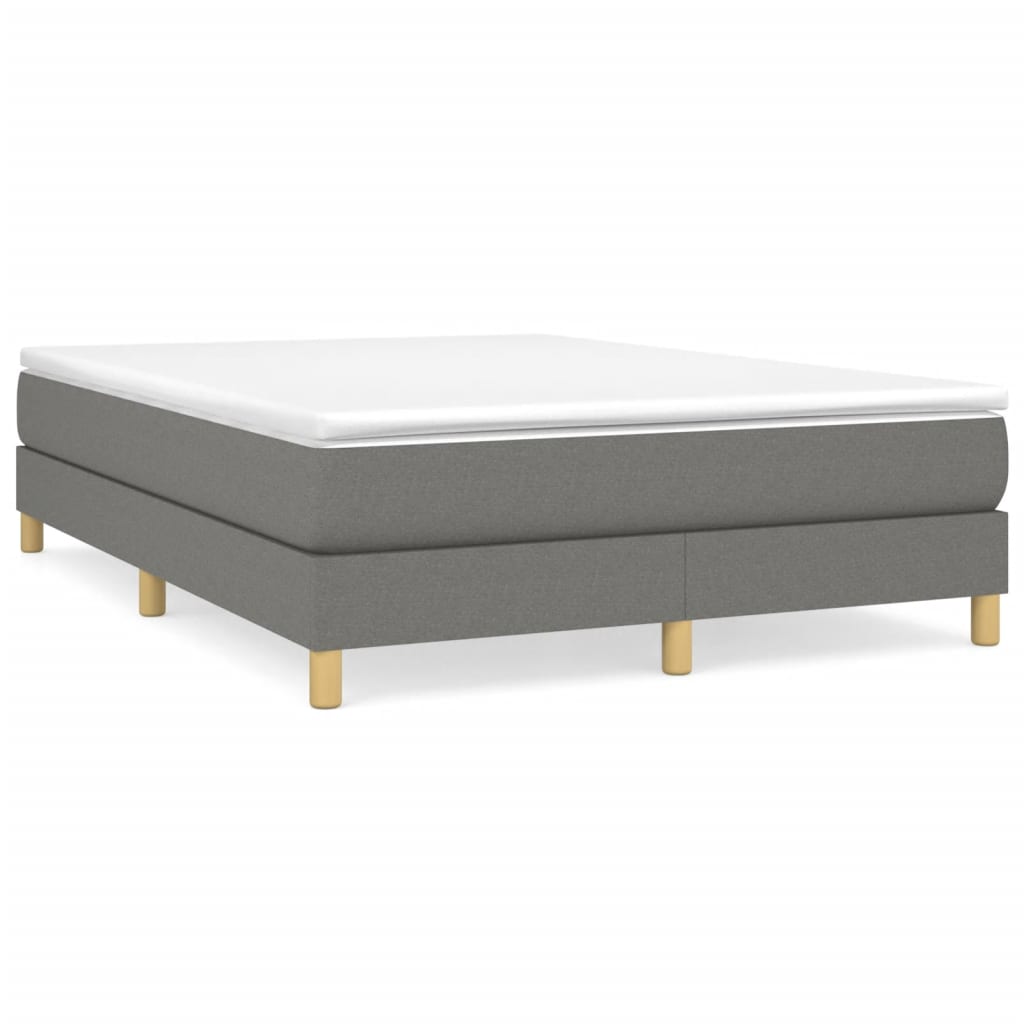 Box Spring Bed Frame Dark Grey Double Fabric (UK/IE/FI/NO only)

---

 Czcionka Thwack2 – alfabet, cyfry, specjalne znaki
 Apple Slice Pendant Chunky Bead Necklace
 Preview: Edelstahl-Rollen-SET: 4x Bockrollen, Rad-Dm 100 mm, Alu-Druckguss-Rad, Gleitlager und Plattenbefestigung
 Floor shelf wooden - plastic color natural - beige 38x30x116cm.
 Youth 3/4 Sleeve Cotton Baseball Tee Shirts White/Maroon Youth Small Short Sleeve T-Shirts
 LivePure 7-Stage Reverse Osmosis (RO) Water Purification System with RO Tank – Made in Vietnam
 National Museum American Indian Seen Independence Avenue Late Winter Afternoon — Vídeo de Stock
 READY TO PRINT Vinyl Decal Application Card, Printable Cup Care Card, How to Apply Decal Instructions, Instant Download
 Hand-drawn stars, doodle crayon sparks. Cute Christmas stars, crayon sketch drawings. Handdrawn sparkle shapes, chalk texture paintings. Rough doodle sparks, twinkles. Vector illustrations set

* * *

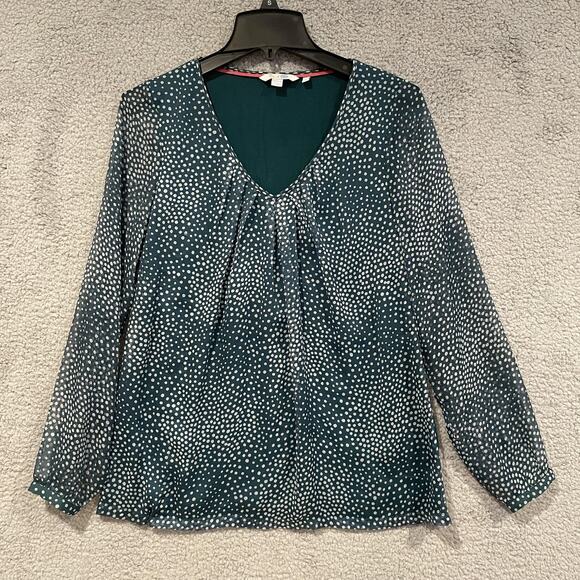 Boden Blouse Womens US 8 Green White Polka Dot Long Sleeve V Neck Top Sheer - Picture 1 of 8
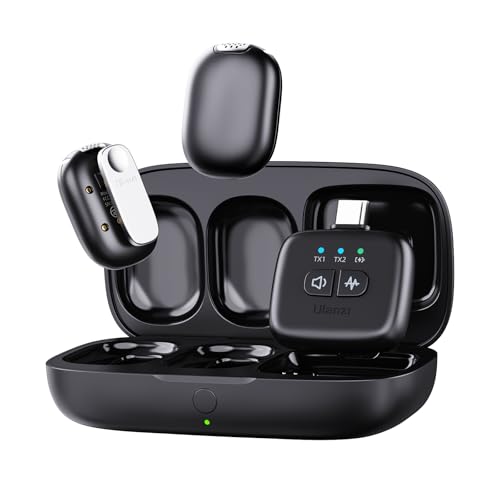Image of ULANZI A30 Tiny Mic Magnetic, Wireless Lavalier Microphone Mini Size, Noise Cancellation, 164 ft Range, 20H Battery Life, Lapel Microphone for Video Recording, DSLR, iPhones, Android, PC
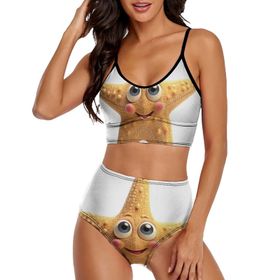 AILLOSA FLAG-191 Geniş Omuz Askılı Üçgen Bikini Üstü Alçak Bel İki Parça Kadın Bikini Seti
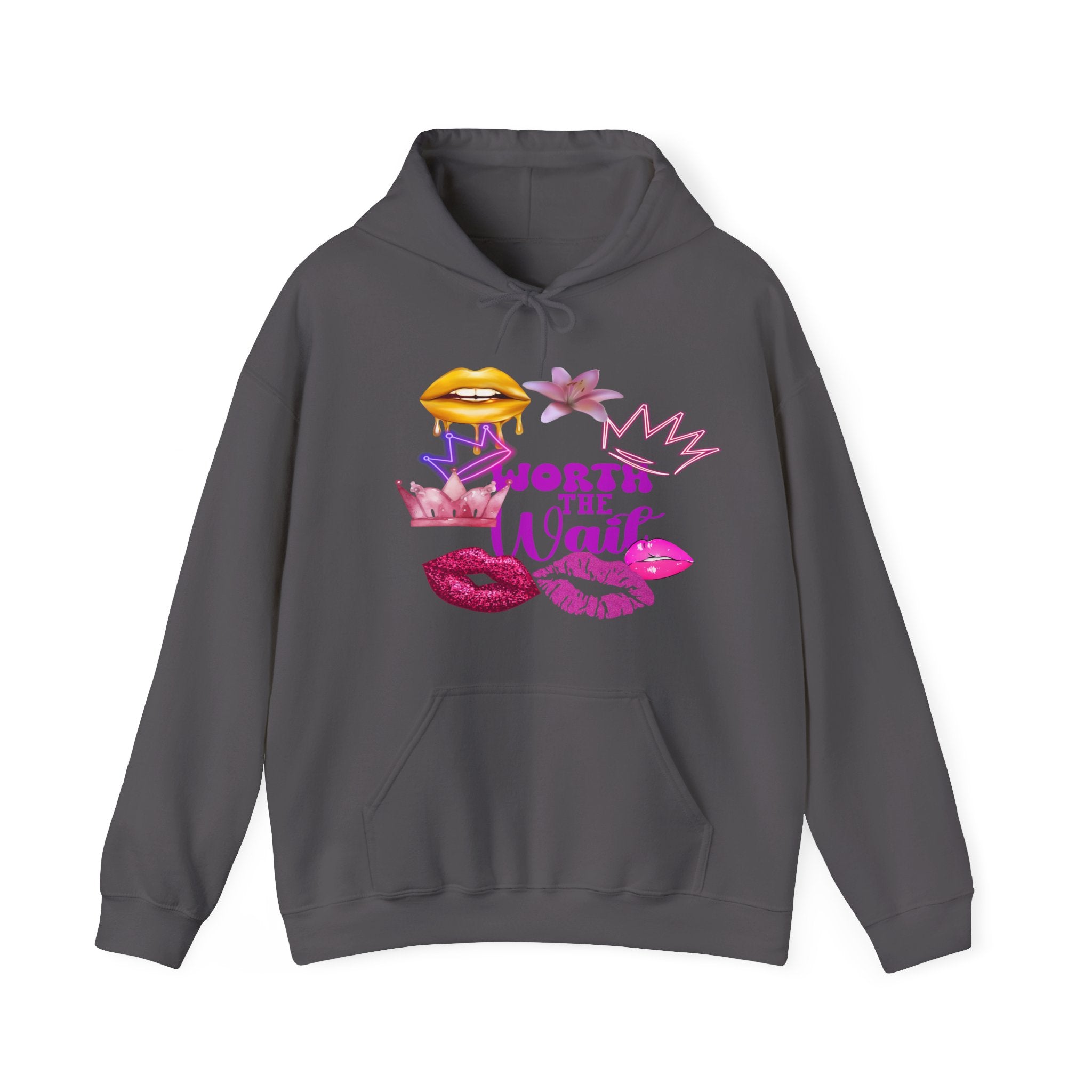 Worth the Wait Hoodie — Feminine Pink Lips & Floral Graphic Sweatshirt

Task instructions
Look through the material above and print exactly the lines from the one containing "National Museum American" to the one containing "READY TO PRINT", both included, and nothing more.

Worked solution
 National Museum American Indian Seen Independence Avenue Late Winter Afternoon — Vídeo de Stock
 READY TO PRINT Vinyl Decal Application Card, Printable Cup Care Card, How to Apply Decal Instructions, Instant Download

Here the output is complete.